The guard, Stella found, managed in the morning to fulfill her final obligation to the dead. The disbelief and anger were still on the fencer’s face as he was carried from the house, saved by the grace of his own ill-luck and ill-will.
Jutta awoke with the vision of spectacles and hood still in the abbey room and out of the weak unending dream, she heard the tinkle of the goodnight bell, while the pain in her arms and legs was numbed by her victory; for Superior was gone.
“Jutta, Jutta, go to bed,” but she discounted that voice. The last authority was gone. Superior, rebuffed, sat at her desk down the hall, unable to write, so angry, the cowl that covered her fierce shaved head tossed aside on a chair. The waiting woman stared in concern at the nun turned monk.

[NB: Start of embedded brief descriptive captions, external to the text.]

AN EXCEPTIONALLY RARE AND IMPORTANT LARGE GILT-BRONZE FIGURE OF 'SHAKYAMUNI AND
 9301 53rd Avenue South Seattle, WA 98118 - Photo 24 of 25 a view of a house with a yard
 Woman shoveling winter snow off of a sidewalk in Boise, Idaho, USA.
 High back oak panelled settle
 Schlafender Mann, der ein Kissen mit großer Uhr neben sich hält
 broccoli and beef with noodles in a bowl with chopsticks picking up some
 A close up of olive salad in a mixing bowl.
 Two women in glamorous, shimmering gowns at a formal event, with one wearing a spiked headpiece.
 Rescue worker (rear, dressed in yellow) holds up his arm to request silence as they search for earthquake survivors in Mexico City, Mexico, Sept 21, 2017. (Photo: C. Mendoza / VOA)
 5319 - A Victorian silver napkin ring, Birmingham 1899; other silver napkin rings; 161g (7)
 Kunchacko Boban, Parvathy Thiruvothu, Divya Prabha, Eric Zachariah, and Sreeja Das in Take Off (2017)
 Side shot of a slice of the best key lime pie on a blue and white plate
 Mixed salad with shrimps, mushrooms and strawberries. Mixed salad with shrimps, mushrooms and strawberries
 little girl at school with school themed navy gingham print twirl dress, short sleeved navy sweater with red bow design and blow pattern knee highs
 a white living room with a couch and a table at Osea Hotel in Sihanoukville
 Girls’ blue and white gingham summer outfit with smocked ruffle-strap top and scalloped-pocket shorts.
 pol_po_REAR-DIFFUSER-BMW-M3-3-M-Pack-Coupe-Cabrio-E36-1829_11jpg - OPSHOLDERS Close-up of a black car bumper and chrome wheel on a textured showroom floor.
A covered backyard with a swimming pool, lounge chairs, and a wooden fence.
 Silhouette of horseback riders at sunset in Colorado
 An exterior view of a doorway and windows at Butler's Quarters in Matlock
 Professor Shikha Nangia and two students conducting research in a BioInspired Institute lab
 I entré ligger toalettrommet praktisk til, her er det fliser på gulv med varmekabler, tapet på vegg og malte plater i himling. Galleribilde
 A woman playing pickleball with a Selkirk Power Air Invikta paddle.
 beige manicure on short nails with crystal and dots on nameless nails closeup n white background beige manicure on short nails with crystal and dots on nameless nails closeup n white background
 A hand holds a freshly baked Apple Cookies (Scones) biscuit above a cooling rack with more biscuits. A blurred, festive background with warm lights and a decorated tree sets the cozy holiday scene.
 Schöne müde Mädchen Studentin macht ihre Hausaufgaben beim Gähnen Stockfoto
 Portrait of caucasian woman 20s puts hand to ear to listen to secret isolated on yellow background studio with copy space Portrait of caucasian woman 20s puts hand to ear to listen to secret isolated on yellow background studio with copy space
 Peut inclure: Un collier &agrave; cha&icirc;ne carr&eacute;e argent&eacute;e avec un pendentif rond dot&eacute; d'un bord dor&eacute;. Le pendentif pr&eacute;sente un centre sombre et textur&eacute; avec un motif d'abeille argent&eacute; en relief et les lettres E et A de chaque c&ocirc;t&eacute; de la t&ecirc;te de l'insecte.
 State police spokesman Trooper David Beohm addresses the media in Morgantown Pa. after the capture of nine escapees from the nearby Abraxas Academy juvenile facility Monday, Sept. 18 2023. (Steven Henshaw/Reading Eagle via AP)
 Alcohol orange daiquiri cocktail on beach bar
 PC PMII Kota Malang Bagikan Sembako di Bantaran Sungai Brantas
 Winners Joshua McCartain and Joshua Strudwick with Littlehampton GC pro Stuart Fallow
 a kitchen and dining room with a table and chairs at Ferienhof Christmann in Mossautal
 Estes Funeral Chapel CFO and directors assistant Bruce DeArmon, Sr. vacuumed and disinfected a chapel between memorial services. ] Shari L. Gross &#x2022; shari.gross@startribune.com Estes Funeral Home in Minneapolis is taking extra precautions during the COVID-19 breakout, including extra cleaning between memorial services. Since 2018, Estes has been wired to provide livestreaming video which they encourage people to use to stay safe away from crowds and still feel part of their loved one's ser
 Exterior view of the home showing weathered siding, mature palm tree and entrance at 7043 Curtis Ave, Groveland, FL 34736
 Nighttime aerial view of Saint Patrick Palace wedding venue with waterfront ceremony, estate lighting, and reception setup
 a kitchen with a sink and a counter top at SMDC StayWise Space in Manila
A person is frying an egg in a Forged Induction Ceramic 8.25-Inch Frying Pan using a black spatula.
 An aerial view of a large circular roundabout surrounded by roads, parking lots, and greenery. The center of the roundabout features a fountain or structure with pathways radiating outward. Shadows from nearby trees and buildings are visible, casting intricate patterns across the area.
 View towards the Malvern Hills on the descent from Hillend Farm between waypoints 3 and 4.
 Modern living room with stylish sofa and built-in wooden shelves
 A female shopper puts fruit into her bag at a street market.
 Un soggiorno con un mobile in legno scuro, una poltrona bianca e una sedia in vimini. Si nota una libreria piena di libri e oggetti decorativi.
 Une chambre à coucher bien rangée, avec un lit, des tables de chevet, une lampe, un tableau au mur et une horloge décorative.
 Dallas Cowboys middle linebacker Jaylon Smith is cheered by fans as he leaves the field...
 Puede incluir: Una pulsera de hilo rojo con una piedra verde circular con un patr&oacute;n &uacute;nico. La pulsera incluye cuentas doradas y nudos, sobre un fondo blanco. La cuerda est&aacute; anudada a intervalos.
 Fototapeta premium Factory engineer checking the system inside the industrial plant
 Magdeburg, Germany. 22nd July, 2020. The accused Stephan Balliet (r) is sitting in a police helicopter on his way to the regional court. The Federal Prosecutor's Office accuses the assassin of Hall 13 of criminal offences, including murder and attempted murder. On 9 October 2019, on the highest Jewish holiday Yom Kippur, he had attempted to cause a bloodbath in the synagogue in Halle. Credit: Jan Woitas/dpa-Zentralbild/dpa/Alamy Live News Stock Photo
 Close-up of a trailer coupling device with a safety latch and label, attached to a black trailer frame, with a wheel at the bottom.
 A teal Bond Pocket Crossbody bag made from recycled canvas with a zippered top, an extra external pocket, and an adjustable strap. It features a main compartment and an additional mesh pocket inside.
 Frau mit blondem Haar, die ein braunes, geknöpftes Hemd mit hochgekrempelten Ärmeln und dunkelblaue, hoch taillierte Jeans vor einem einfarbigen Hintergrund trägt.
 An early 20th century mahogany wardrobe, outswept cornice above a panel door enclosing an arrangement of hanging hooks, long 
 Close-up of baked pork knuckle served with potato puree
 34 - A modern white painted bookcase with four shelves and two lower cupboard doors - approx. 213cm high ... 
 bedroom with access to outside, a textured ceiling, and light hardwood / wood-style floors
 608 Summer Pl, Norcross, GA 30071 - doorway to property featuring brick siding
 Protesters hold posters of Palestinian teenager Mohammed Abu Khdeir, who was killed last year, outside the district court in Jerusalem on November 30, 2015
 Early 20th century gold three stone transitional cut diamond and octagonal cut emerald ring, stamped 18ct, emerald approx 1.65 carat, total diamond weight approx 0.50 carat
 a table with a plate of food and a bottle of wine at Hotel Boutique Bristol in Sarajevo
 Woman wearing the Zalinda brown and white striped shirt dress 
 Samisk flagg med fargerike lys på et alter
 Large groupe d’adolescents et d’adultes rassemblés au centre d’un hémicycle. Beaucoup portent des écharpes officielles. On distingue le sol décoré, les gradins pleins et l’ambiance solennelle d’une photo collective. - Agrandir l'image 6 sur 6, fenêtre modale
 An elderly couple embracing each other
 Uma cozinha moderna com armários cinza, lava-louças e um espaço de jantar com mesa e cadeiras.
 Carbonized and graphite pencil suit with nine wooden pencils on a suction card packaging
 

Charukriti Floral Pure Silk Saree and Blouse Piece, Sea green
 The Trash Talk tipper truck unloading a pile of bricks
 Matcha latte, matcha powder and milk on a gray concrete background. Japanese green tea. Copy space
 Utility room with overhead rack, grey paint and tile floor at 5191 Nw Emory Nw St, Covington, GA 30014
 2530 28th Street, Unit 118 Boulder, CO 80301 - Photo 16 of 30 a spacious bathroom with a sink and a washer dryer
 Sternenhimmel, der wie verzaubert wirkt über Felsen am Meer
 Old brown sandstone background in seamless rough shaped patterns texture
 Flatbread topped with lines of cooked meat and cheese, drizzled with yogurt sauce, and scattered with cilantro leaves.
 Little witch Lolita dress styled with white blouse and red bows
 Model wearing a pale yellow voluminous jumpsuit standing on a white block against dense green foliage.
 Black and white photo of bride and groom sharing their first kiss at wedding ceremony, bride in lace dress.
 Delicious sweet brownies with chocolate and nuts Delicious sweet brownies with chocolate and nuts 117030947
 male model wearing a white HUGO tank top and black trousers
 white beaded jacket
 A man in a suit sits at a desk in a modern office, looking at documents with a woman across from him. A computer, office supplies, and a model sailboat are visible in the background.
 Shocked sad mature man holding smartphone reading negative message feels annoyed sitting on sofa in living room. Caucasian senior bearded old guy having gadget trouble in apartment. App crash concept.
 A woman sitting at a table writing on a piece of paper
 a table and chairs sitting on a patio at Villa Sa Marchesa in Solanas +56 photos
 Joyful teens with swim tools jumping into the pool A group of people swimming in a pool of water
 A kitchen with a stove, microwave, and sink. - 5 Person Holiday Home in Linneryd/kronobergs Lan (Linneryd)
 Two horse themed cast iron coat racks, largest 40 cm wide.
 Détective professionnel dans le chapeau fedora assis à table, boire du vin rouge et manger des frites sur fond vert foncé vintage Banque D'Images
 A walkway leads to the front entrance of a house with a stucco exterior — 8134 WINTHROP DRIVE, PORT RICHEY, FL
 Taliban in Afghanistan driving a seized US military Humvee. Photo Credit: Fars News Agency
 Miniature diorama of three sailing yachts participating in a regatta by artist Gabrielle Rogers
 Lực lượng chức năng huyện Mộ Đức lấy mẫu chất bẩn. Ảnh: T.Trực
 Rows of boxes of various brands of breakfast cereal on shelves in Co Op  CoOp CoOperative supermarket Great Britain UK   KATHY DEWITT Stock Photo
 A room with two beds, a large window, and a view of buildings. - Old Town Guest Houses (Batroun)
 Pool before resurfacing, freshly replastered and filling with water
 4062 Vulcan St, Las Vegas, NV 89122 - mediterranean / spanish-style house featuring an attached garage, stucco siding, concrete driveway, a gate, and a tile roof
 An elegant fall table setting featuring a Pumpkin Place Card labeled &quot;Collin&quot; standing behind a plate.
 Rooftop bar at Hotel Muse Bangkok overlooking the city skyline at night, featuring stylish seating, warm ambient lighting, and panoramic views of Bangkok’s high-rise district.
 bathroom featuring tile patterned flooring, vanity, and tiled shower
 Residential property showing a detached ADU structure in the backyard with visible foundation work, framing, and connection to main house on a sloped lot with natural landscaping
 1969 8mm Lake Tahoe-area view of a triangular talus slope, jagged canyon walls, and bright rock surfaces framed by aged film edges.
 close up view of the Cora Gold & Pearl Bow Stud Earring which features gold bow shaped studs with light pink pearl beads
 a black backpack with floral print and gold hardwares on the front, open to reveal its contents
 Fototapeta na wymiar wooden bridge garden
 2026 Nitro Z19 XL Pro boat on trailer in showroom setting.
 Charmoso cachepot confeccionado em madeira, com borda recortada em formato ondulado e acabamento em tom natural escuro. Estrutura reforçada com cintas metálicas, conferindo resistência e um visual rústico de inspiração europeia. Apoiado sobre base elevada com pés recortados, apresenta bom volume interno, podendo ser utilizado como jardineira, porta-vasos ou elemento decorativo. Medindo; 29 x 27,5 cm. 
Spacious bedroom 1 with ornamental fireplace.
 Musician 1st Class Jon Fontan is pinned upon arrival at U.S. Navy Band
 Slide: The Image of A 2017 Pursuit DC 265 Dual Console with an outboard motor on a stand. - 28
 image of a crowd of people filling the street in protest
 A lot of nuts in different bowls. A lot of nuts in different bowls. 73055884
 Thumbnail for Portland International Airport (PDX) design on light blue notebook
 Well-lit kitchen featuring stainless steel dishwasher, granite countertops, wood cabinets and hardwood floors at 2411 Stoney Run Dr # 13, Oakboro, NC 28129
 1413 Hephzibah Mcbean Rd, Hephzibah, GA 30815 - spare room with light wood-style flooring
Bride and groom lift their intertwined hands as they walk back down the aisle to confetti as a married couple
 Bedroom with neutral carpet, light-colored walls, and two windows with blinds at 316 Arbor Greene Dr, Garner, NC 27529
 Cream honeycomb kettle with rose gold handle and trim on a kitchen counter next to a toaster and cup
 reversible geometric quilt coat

Jutta tried to move, but could not, and stayed for a moment, her face turned to the floor, rising from the squeamish pit of the too-easy psalm and too-easy dying bone. She opened her eyes. “There are enemies even within our own State,” she remembered and wondered why the Oberleutnant didn’t stop Superior, and she was glad to know, being allowed to wake once more, that life was not miraculous but clear, not right but undeniable. How narrow and small was the suffocating Superior with part of each day spent bartering with the miraculous medal salesman. Jutta felt, being once more back in the cell where Gerta put her, uncomfortably sick and very tired. She would try to reach the cot.
The nunnery, high and safe within the meek heart, far from the blockade at sea, rested confident and chaste in the middle of the night, spreading its asylum walls outwards over a few bare feet of uninhabited dry earth. Safe, within the Allied querulous dragnet, because a taste of faith was all the inmates knew, because over the years, the hearts grew large and the stomachs naturally small, safe, with the cyclical event of mother, girl, and vanity thrown out. The old white barn rocked gently in the cloudy night. The moss had grown thin, turned brown, and died on the mud walls, water no longer trickled and grew thick in the well, the sand could hardly lift itself through the halls at night on the wind’s back, but still in the morning and evening, bells faithfully chimed out the remote and tedious day. “Father, save me,” thinking of the girls, “from these merciless infidels,” said Superior, and leaning forward, she shrouded herself in darkness and sat for a long while with her pains and troubles by the window.